**Data shown**
····················

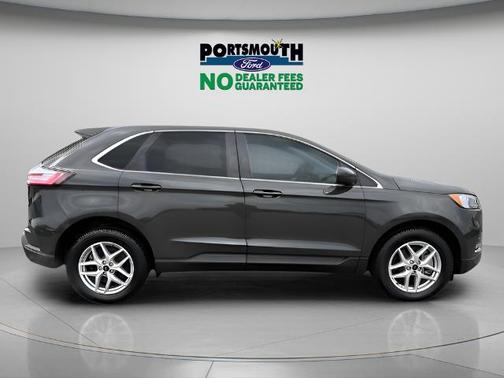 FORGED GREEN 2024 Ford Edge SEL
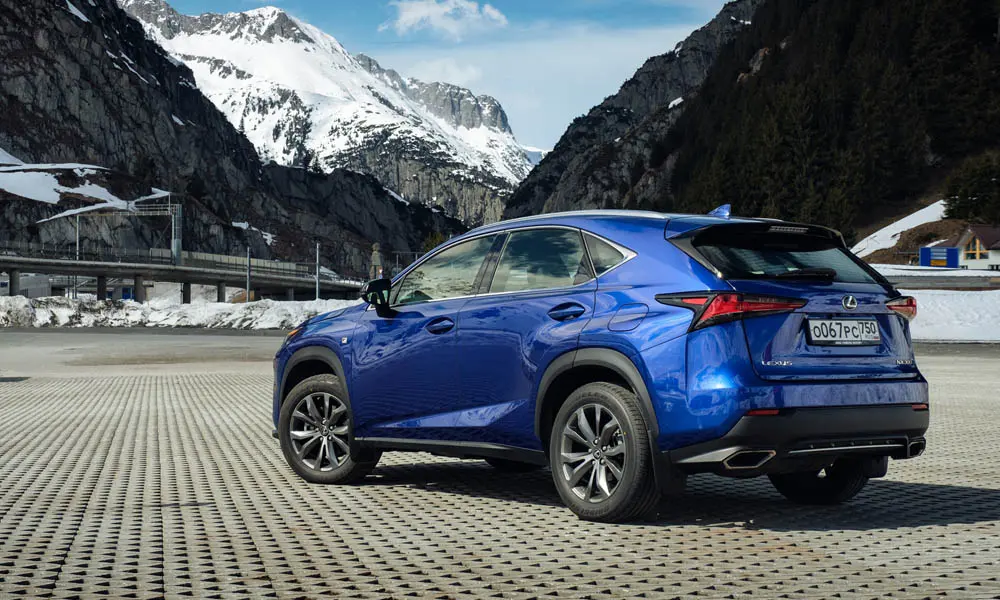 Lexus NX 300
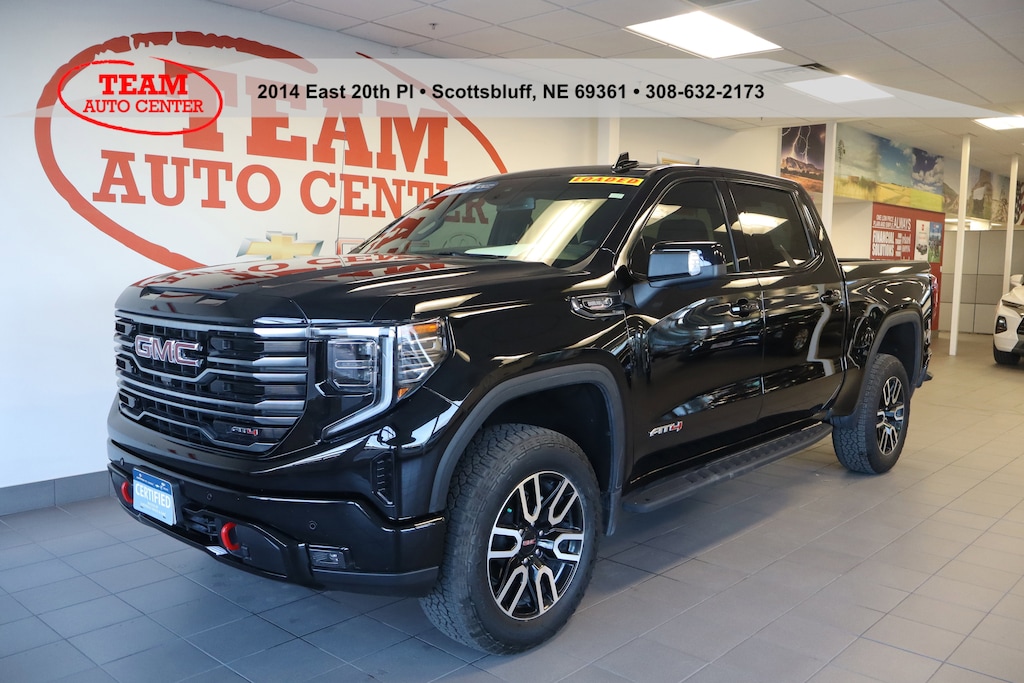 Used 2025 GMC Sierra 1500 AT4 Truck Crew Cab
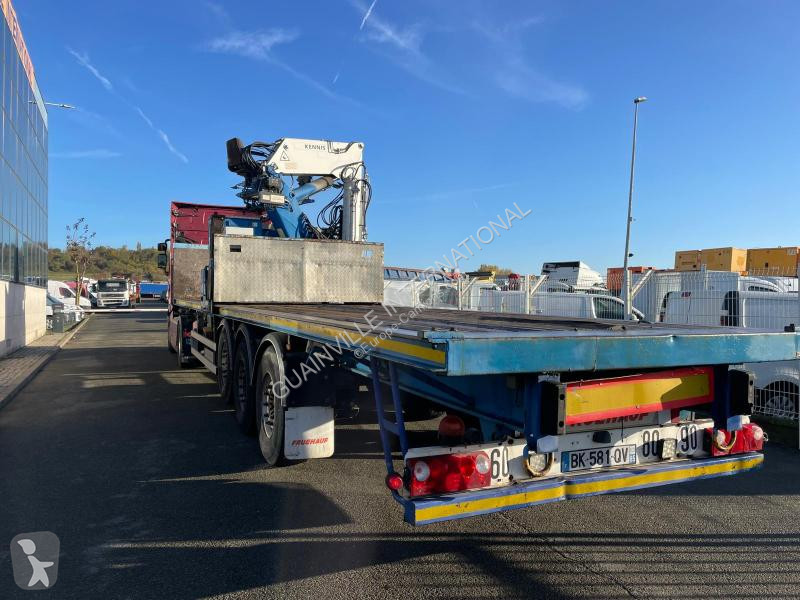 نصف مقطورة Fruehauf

····················

**Task objective**
Copy the whole listing exactly, excluding the pictures in it.

**Solution for this problem**
 FORGED GREEN 2024 Ford Edge SEL
 Lexus NX 300
 Used 2025 GMC Sierra 1500 AT4 Truck Crew Cab
 نصف مقطورة Fruehauf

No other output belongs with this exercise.